In der Regel arbeitet die Technik einwandfrei und es ist der Anwender, der zu Fehlfokussierungen führt.
Ich habe selbst mit einem Fotokollegen das Thema näher betrachtet.
Er schob seine Fehlfokussierungen auf das Objektiv (70-200L und 50 1.4). Ich selbst bin beim Fotografieren sehr diszipliniert und habe mir einen Rythmus angewöhnt.
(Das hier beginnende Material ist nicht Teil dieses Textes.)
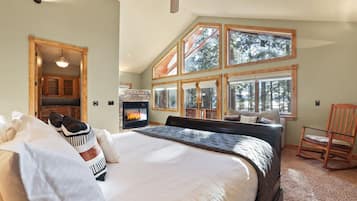 4 bedrooms, desk, iron/ironing board, WiFi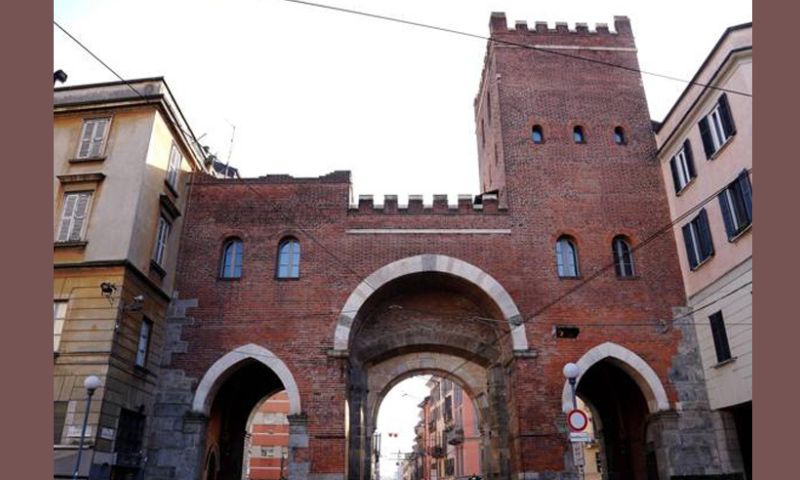 Milano, 20 immobili pubblici da rigenerare: da Porta Ticinese alle cascine, via al piano del Comune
Bei einem gemeinsamen Modeshootingauftrag (ca. 3000 Bilder) haben wir festgestellt, dass er tatsächlich deutlich mehr Fokusprobleme hatte als ich.
Daraufhin haben wir einen Versuch gemacht.
Ich fotografierte 10x das gleiche unbewegte Motiv mit seinem Equipment, er mit meinem und umgekehrt.
Das Ergebnis war: ich 90% korrekt fokussiert, er 60% korrekt fokussiert, egal mit welchem Equipment.
Danach haben wir das wiederholt, bei sich wenig bewegenden Motiven (Portrait, wie beim Modeshooting - Fotograf bewegt sich, sucht den besten Bildschnitt, geht einen Schritt vor und zurück, Model korrigiert sich, etc).
Ergebnis: ich 90% , er 40% korrekt fokussiert
Also habe ich ihn beim Fotografieren beobachtet und folgendes herausgefunden:
a) er "zappelt" zuviel herum, wie die Fotografen in Spielfilmen, mit viel Sprechen dazu "Ja, toll, das sieht gut aus"

Das funktioniert nicht.
b) er nimmt die Kamera zu schnell vom Motiv (sieht cool aus

) Das reicht in vielen Fällen, gerade bei Verschlusszeiten bis 1/100s, zu Verwackelung.
c) er hat keinen Rythmus
Wir haben das optimiert, ihm einen Rythmus gemacht und geübt:
a) Kamerahaltung, wie bei Sportschützen (die machen das nicht ohne Grund so)
b) Motiv suchen
c) Ausatmen (1s)
d) Fokussieren (1s)
e) Bildschnitt (1s)
e) Auslösen (1s)
f) Warten (!) (1s)
g) Einatmen (nicht vergessen

)
Danach die Vergleichstests wiederholt
Seine Ausbeute hat sich mittlerweile auf ebenfalls 90% korrekte Fokussierungen gesteigert, und wie gesagt, bei nicht statischem Modeshooting.
qed
Viele Fotografen sind zu undiszipliniert und fotografieren mit zu langen Verschlusszeiten. Die eigene Bewegung gleicht ein IS zum Teil noch ganz gut aus, aber die z.B. eines Models eben nicht.
Oft ist die Verweilzeit zwischen Bildschnitt suchen, Fokussieren und Auslösen zu lange. Die Eigenbewegung des Fotografen führt zur Fehlfokussierung. Man muß sich immer im Hinterkopf behalten, dass die Eigenbewegungsamplitude durchaus 1-2 cm beträgt. Bei Motiven mit bis zu 1m Bildhöhe und dann noch großer Blende hat das einen sichtbaren Effekt.
Und dann ist da noch die Fokusverkürzung oder -verlängerung bei Wählen des Bildschnitts. Bsp.: Portrait, Fokussierung auf das Auge, Bildschnitt verändern, Auslösen.
Durch die Änderung des Bildschnitts verkürzt sich die Fokusentfernung (oder verlängert sich). Das ergibt sich aus den Winkelgesetzen. Da hilft nur, ein anderes Fokusfeld zu verwenden oder die Schärfentiefe zu erhöhen.
Alles in allem können viele Parameter zu Fehlfokussierungen führen, an denen alleine der Fotograf die Schlud hat. Das nicht zu überdenken und es auf die Technik zu schieben, ist aber die einfacherer Sache

Selbst der Test auf Stativ und festem Motiv ist da vorsichtig zu beurteilen. Ich denke da nur an Erschütterungen beim Auslösen mit schwerem Objektiv, selbst bei Profistativen.
Ich streite nicht ab, dass es Objektive gibt, die einen Fehlfokus haben, gerade bei Zoomobjektiven kann das vereinzelt auftreten (und je nach Brennweite). Ich persönlich hatte noch nie so ein Objektiv in der Hand - und ich hatte schon viele in der Hand.